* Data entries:
======
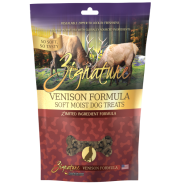 Zignature Dog Soft Treats Venison 113g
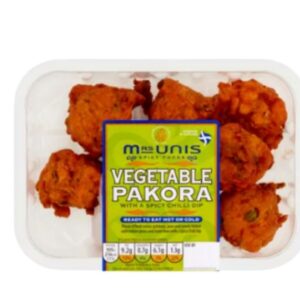 Mrs Unis Vegetable Pakora 180g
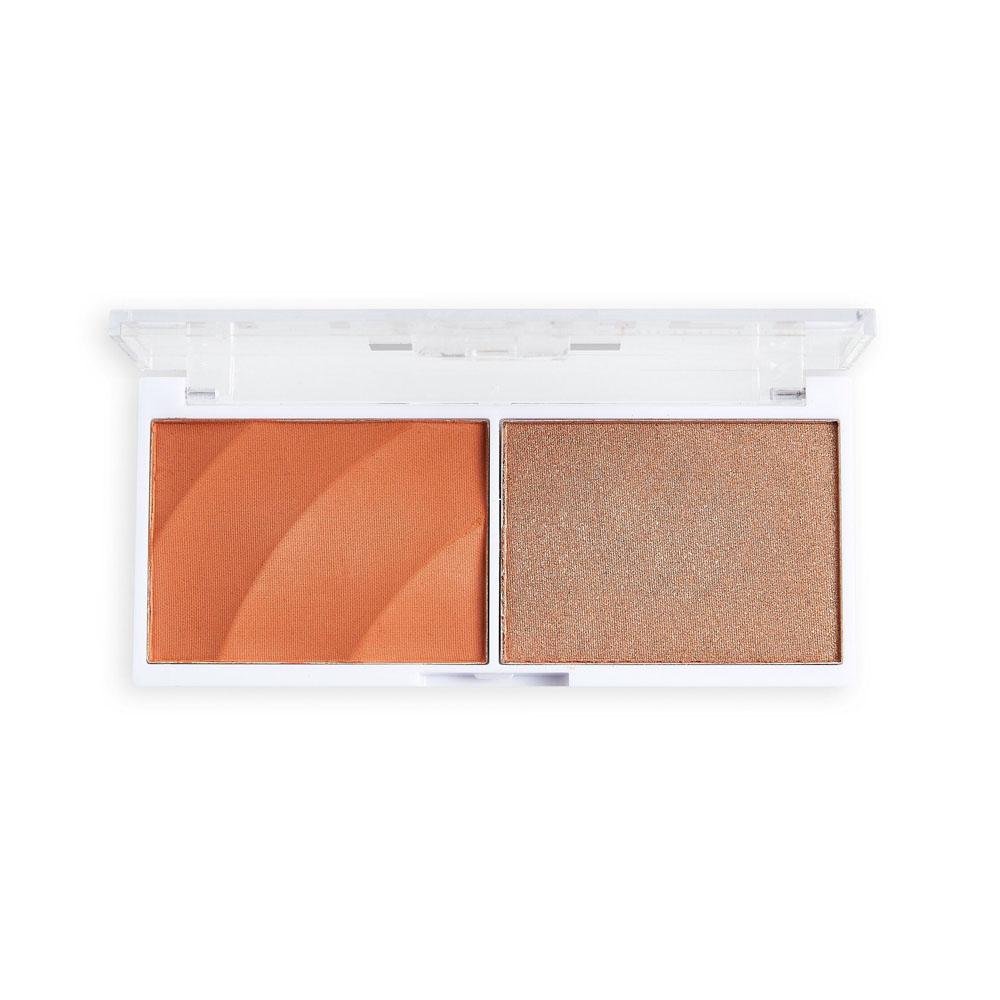 Revolution- Relove Colour Play Blushed Duo Queen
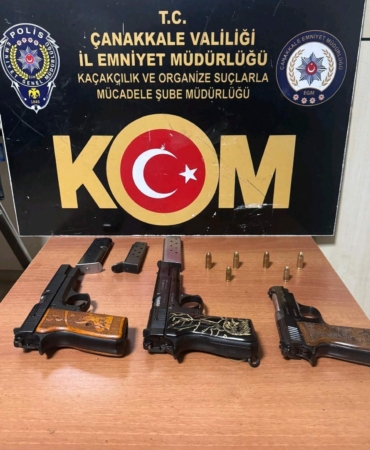 Çanakkale’de huzur uygulamalarında uyuşturucu ve göçmen kaçakçılığından 6 şüpheli tutuklandı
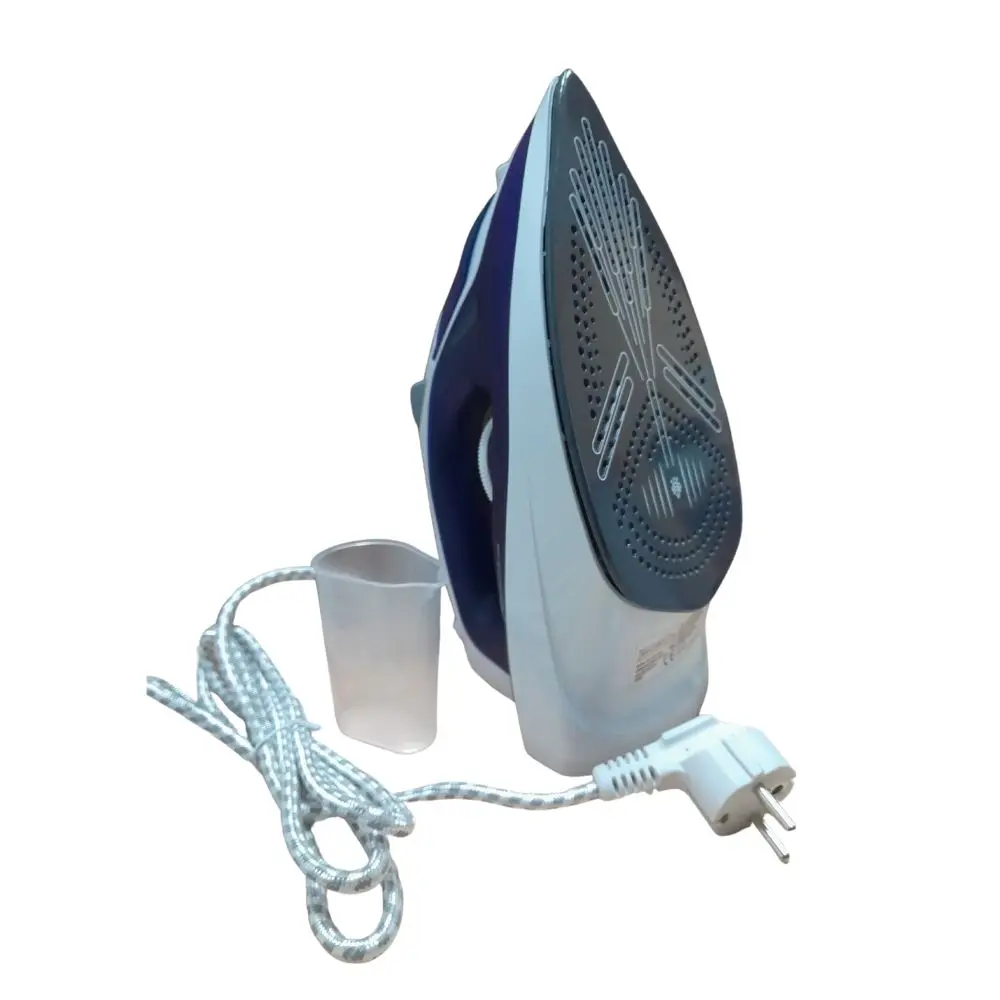 Trébol advance electric steam iron with non-stick base and ceramic coating - 2200w, 350 ml of water, horizontal and vertical steam, self-cleaning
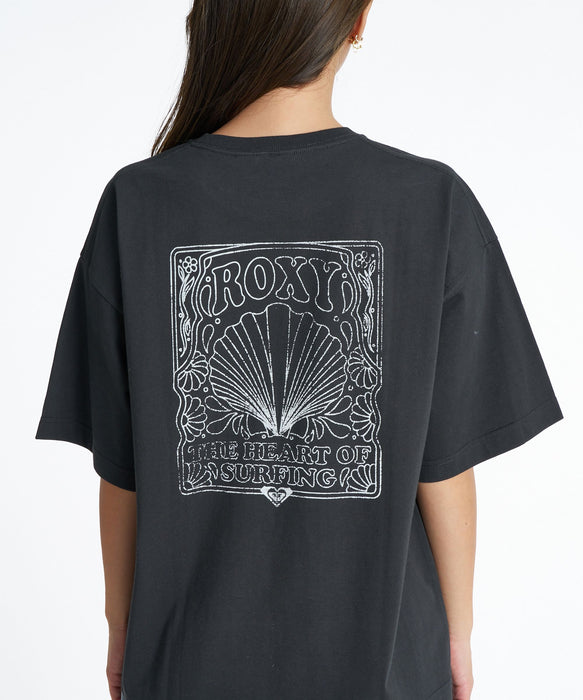ROXY HEART OF SURFING 機能性Tシャツ 半袖 【2026年秋冬モデル】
======
Your copy should hold only the lines from the line with "Revolution- Relove Colour" through the end of the data above, both ends included, transcribed exactly and without pictures.

 Revolution- Relove Colour Play Blushed Duo Queen
 Çanakkale’de huzur uygulamalarında uyuşturucu ve göçmen kaçakçılığından 6 şüpheli tutuklandı
 Trébol advance electric steam iron with non-stick base and ceramic coating - 2200w, 350 ml of water, horizontal and vertical steam, self-cleaning
ROXY HEART OF SURFING 機能性Tシャツ 半袖 【2026年秋冬モデル】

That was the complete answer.